Assignment 1

In this assignment you will be working on setting up your system and refreshing basic probability theory or basic linear algebra concepts such as Singular Value Decomposition (SVD). You are mandated to use the Pytorch namespace libraries such as pytorch.linalg, pytorch.rand and in general libraries in the pytorch.xyz namespace but not any derived or any other libraries. The idea is to implement from scratch the following without implementing every minute component such as random number generators etc.

Points:


Development Environment Setup

Ubuntu and MAC users

Install docker in your system and the VSCode docker and remote extensions.

Windows users

  1. Install WSL2.

  2. Ensure that you also follow this tutorial to setup VSCode properly aka the VSCode can access the WSL2 filesystem and work with the remote docker containers.

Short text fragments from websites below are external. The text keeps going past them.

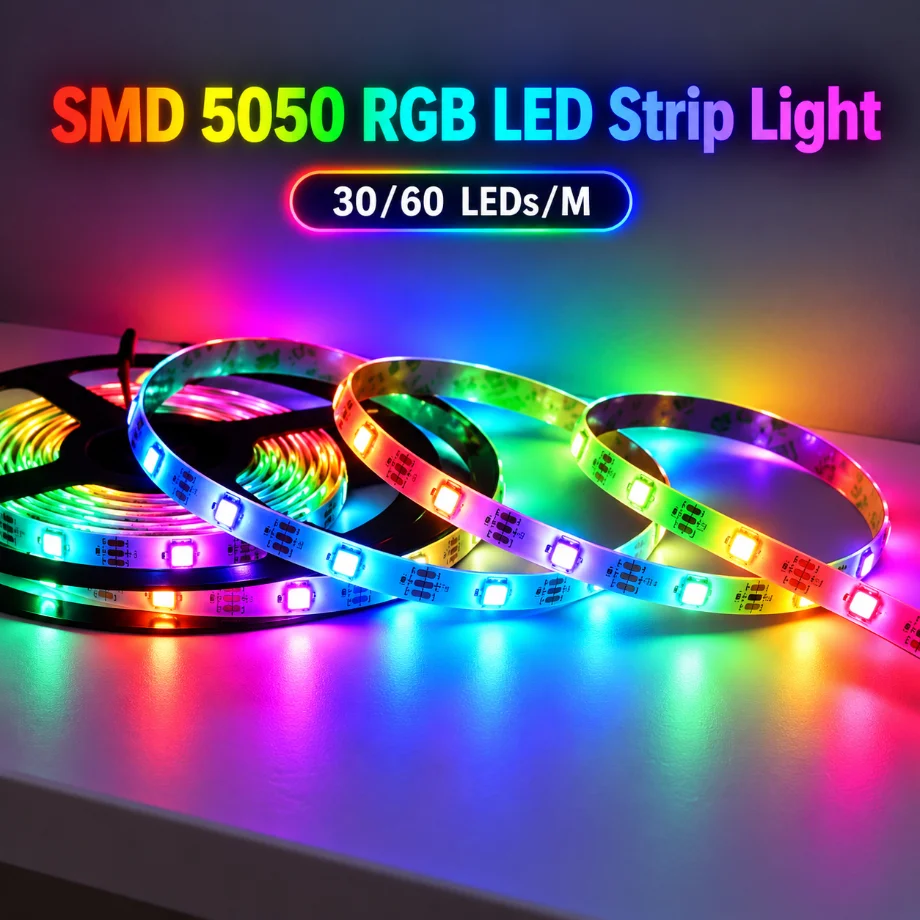 1-10M SMD 5050 RGB LED Strip Light DC12V Flexible Tape 30/60LEDs/M Color Changing Ribbon for Room TV Backlight Party Decoration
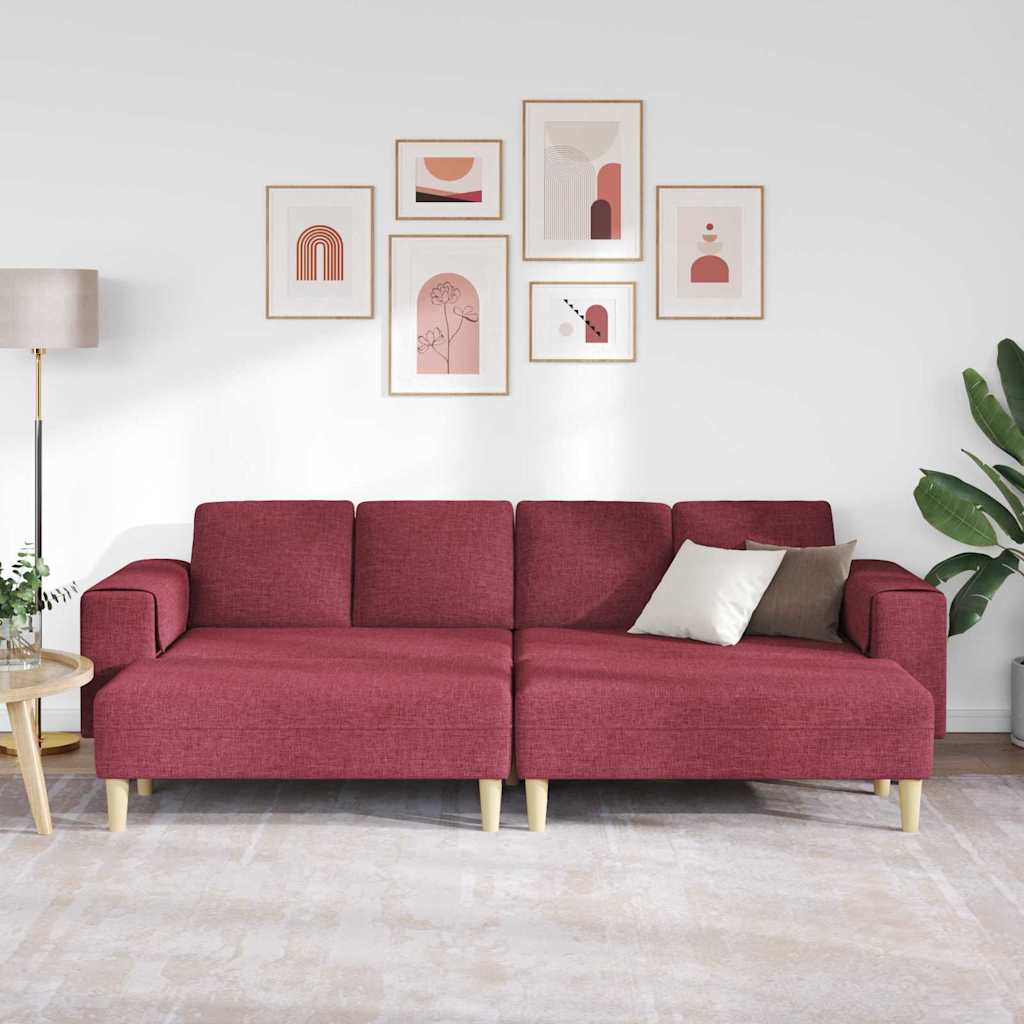 Sofa Sæt Vinrød Stof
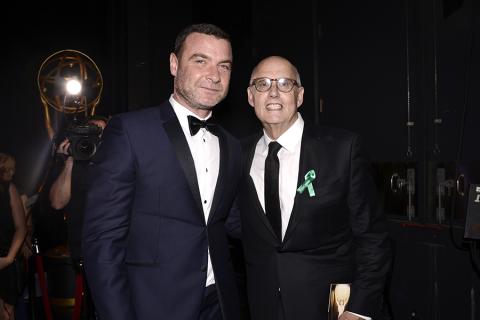 Liev Schreiber and Jeffrey Tambor backstage at the 67th Emmy Awards.
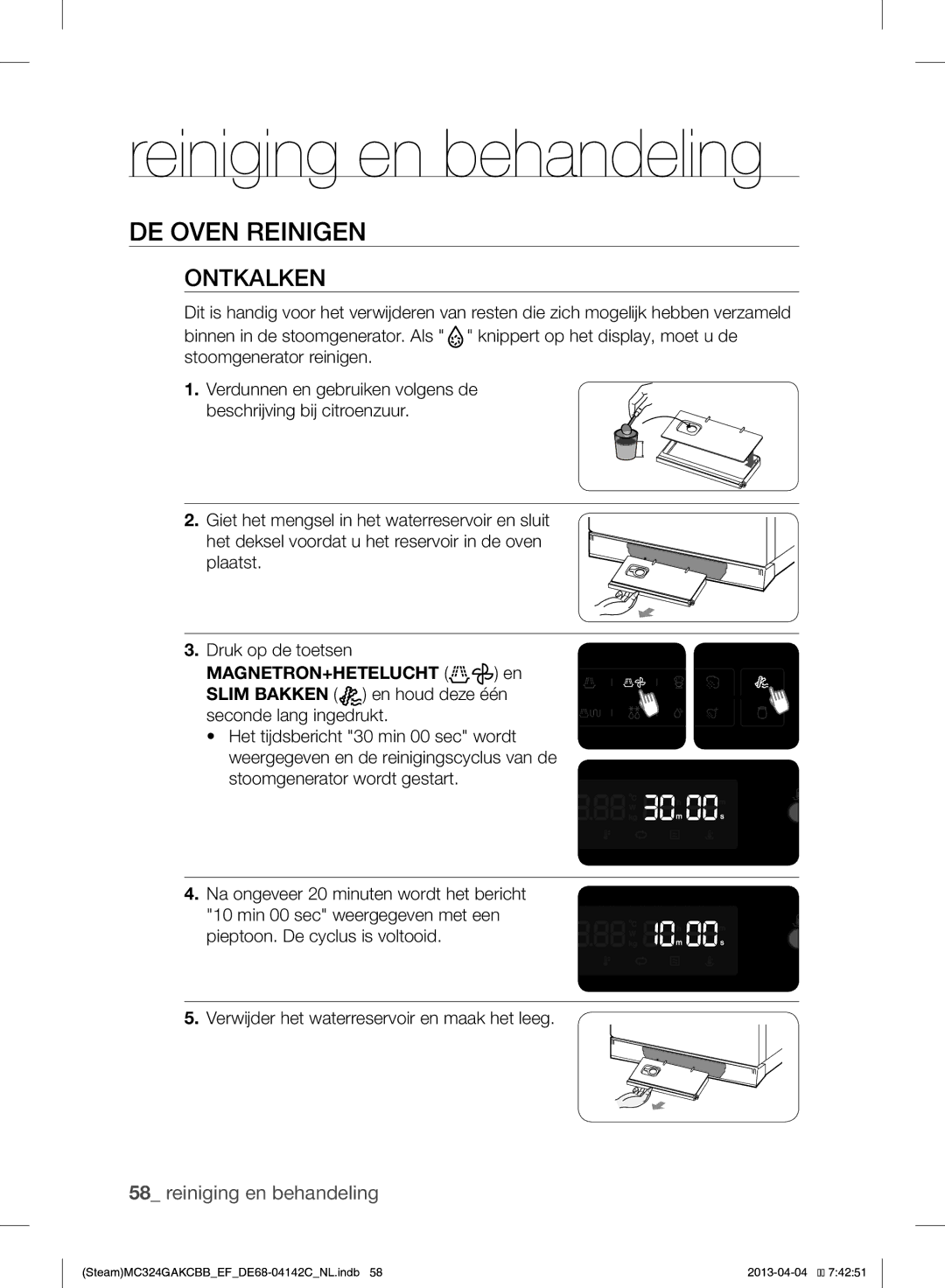 Samsung MC324GAKCBB/EF manual Reiniging en behandeling, DE Oven Reinigen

  3. If you have an NVIDIA GPU in your system, ensure you have enabled it.

All Users

Following the instructions of the course site with respect to the course docker container

  1. Install docker on your machine.
  2. Clone the repo (For windows users ensure that you clone it on the WSL2 filesystem.) Show this by a screenshot below of the terminal where you have cloned the repo.
  3. Build and launch the docker container inside your desired IDE (if you havent used an IDE before you can start with VSCode).
  4. Launch the virtual environment with rye sync inside the container and then show a screenshot of your IDE and the terminal with the (your virtual env) prefix.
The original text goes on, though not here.